Higher component costs combined with users opting for quality over price will see average selling prices for devices go up

Spending on PCs, ultramobiles and mobiles will increase by two per cent in 2017 to $600bn, according to analyst group Gartner.

It believes that average selling prices for computing devices will go up because of a combination of component price increases and because users increasingly value higher quality over low prices.

Spending on smartphones represents 67 per cent of the $600bn figure, according to Gartner, with end-user spending on mobiles on track to reach nearly $400bn in 2017 - an increase of 4.3 per cent from 2016.

"[End users] are replacing their basic phones with better-quality and more feature-rich basic phones, due to improved product portfolios from rising vendors, such as Huawei and Oppo," said Annette Zimmermann, research vice president at Gartner.

She continued: "In emerging markets, the majority of users are upgrading to better basic phones as the leap to premium phones remains out of reach for most."

Gartner also believes that the high-end smartphone average selling price will continue to rise, following the announcement of the Samsung Galaxy 8 and the release of the tenth-anniversary Apple iPhone.

"We expect the premium-phone average selling price to increase by four per cent in North America in 2017," said Zimmerman.
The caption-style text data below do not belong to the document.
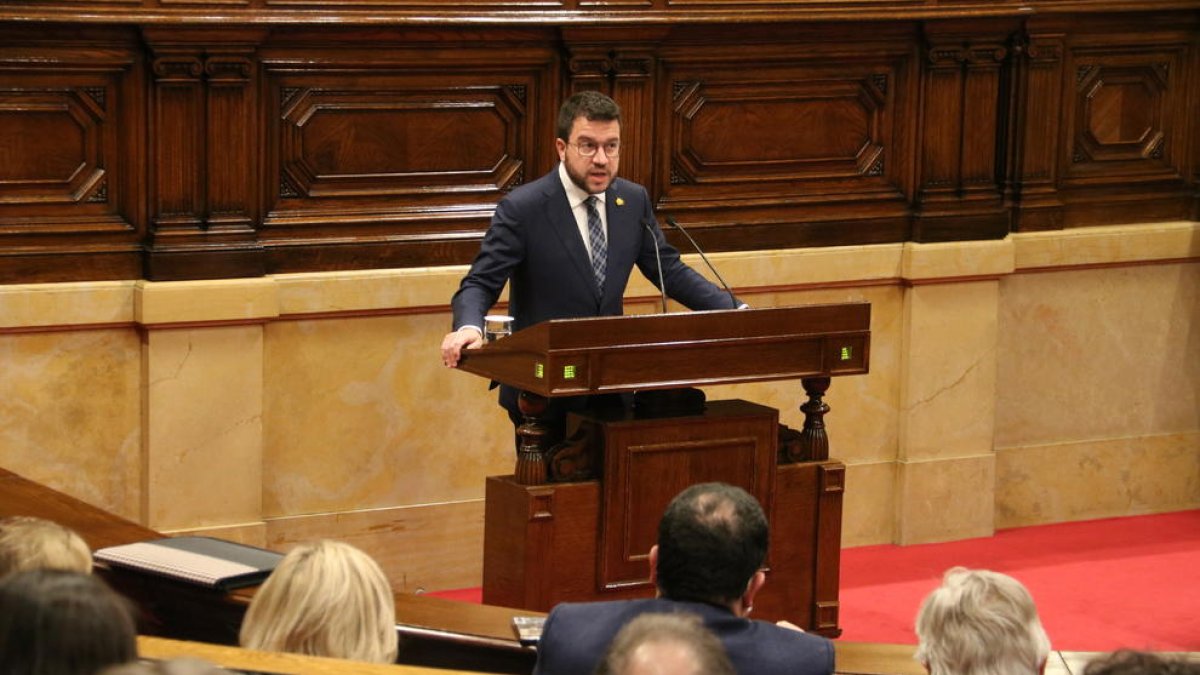 El presidente de la Generalitat, Pere Aragonès, interviniendo en el pleno específico sobre salud mental.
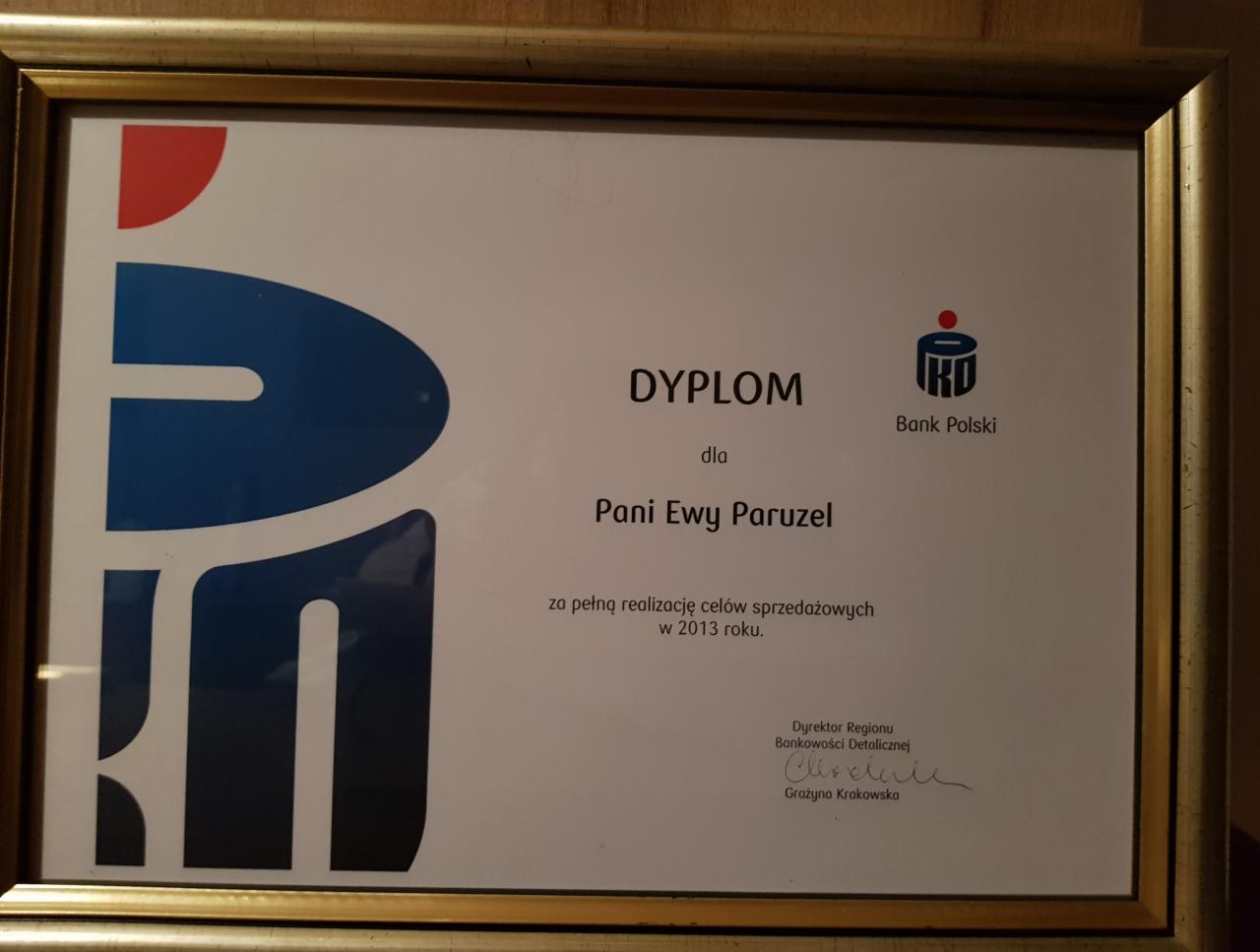 Dyplom w złotej ramie dla Pani Ewy Paruzel za realizację celów sprzedażowych w 2013 roku, logo PKO Bank Polski.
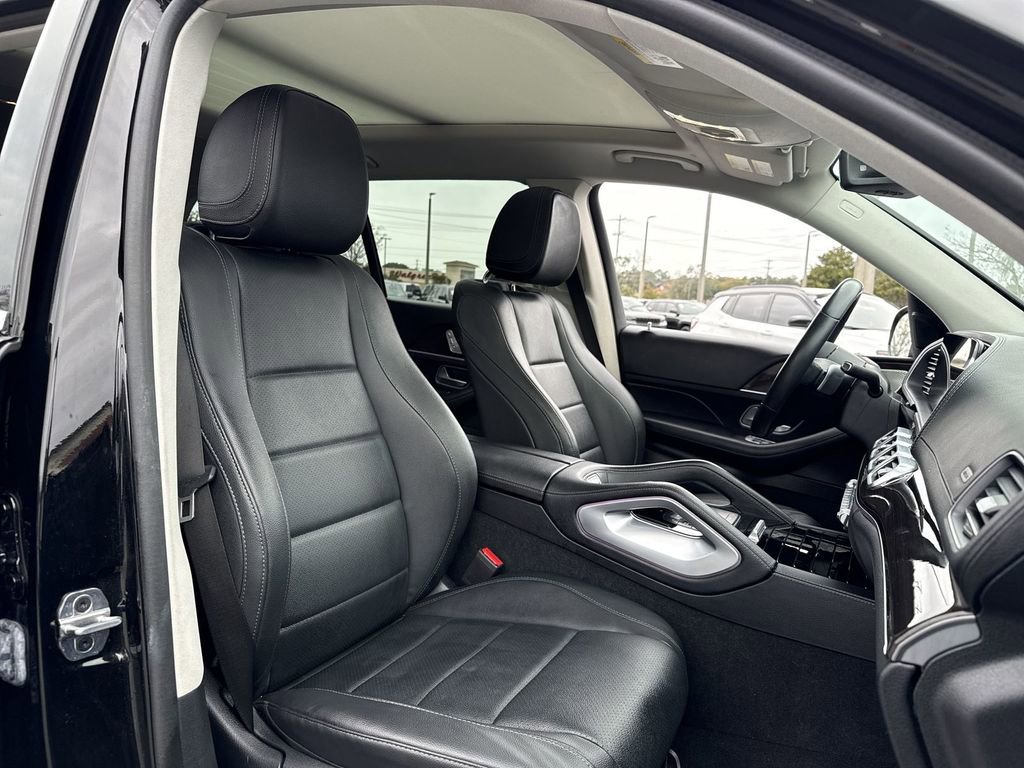 Used 2024 Mercedes-Benz GLS 450 4MATIC image 25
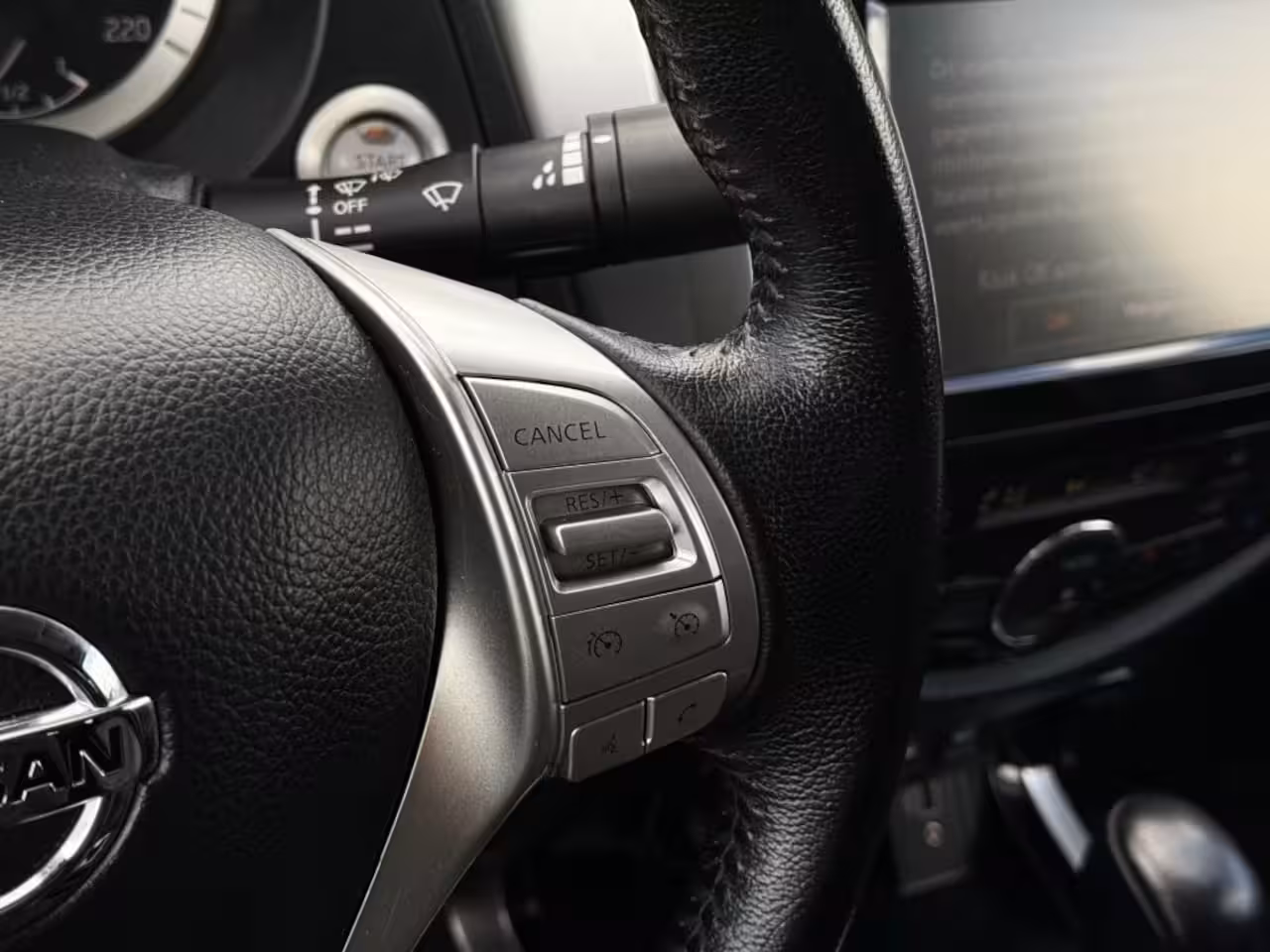 Nissan Navara 2.3 DCI 190PK A/T CAMERA CARPLAY TREKHAAK 3500KG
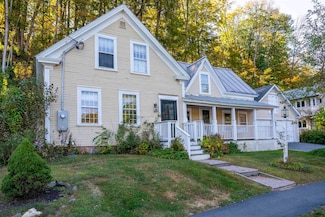 37 South St, Woodstock, VT 05091
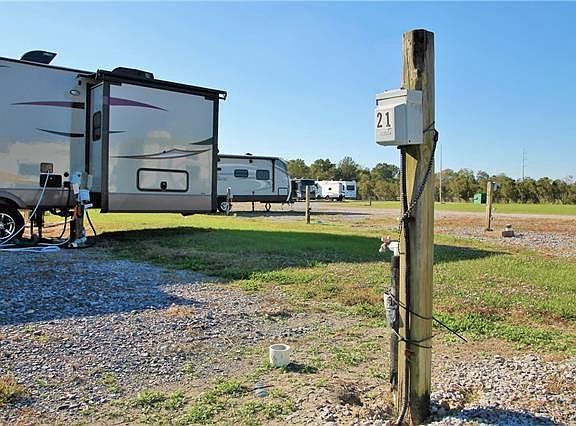 3rd image of 14573 Highway 23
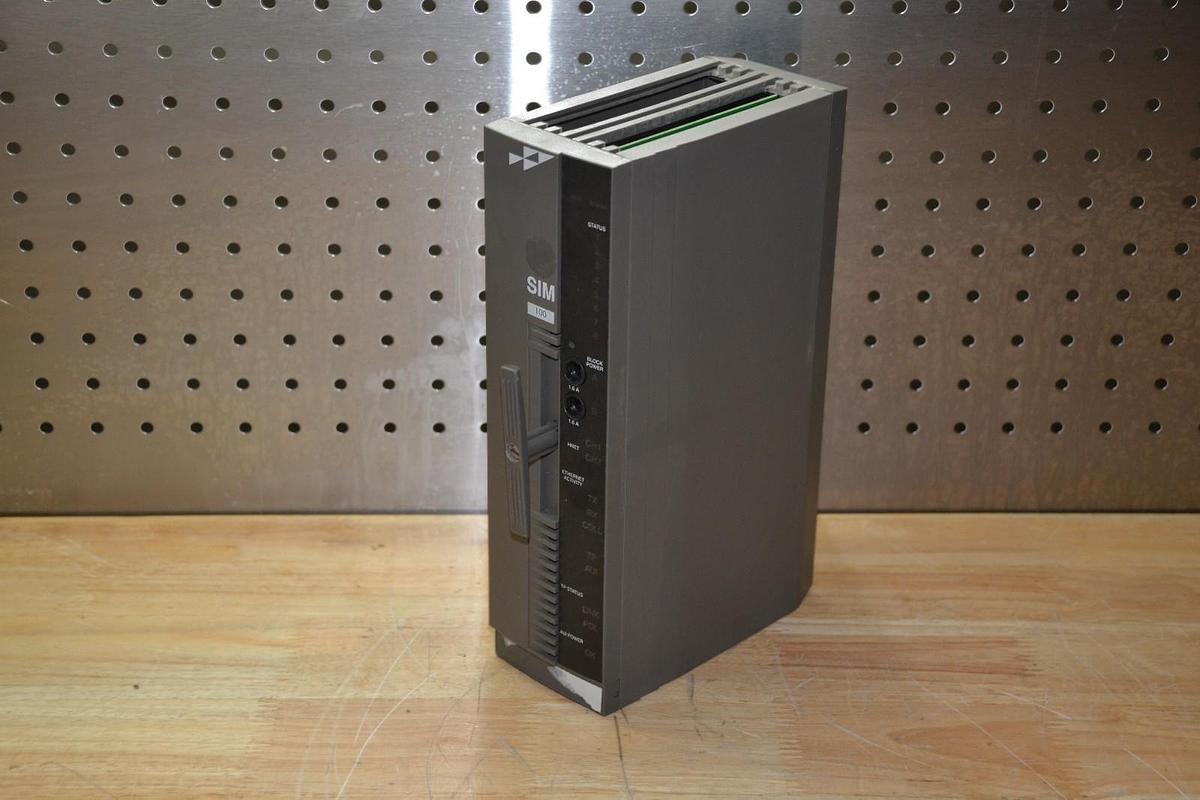Used BAILEY CONTROLS P-HB-SIM-10010000 PHBSIM10010000 SIM100 Module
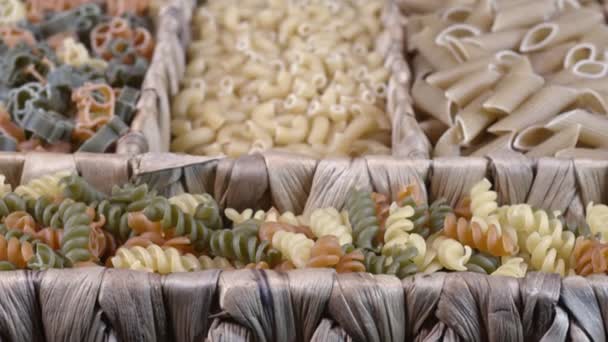 Friske Vegetariske Italienske Fødevarer Makaroni Pasta – Stock-video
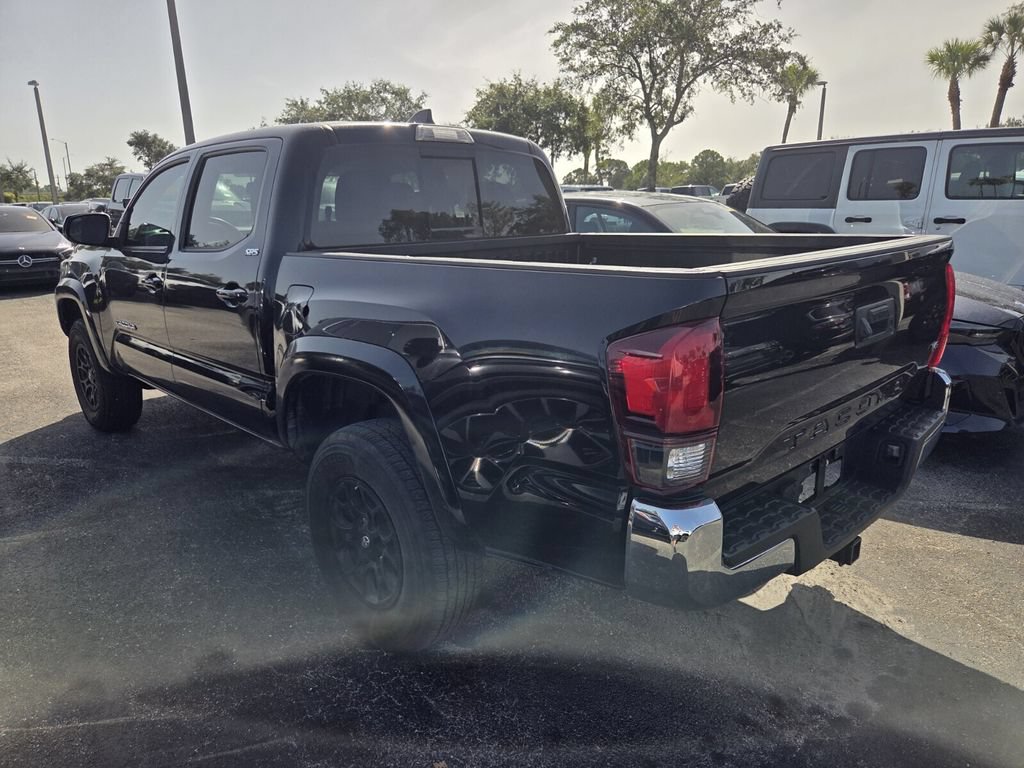 Used 2020 Toyota Tacoma SR5 RWD image 4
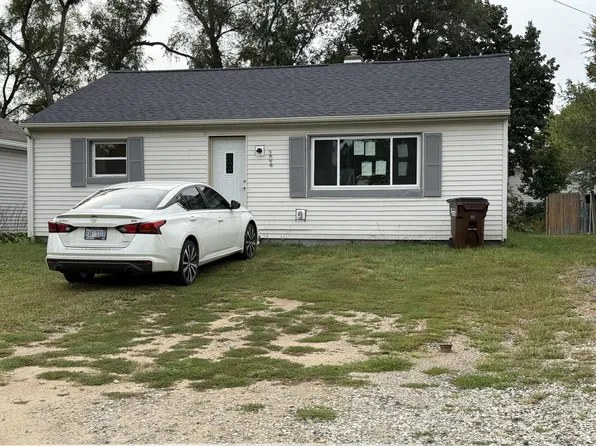 204 5th St, Jackson, MI 49203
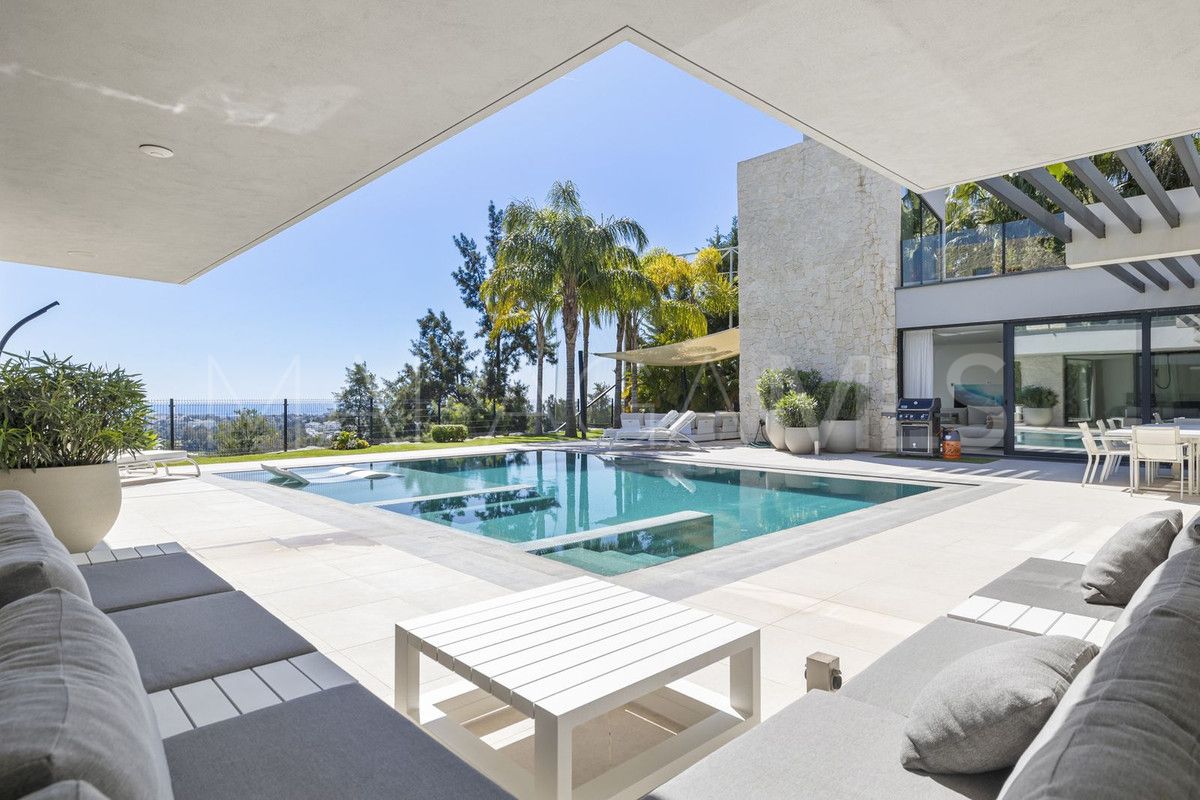 Villa for sale in Benahavis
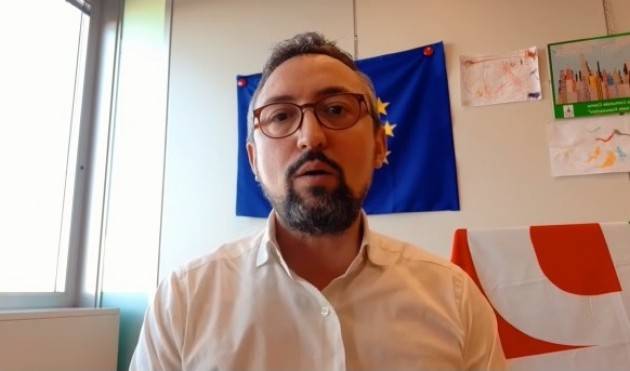 Matteo Piloni (PD) Ma Fontana che combina?  Caos in Consiglio Regionale Lombardia (Video)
Meanwhile, sales of PCs, notebooks and desktops remain flat with total units shipped this year expected to be 205 million, a decrease of 15 million from last year.

The average-selling prices of those devices will increase by 1.4 per cent in 2017 because of increasing component costs, particularly for DRAM.

"As a result, PC providers will increase the prices of PCs toward the end of the year. We expect the overall ASP for PCs to increase by 1.4 percent in current U.S. dollars," said Ranjit Atwal, research director at Gartner.

Gartner expects premium ultramobile devices, which include Intel x86 products running Windows 10 and the Apple MacBook Air, to ship 10 million more units in 2017 than 2016 - increasing from 50 million to 60 million.

However, other devices in the ultramobile category, such as the Apple iPad, iPad mini, Samsung Galaxy Tab S2, Amazon Fire HD, Lenovo Yoga Tab 3 and Acer Iconia One, are expected to see a decrease in shipments of eight million: from 169 million in 2016 to 161 million in 2017.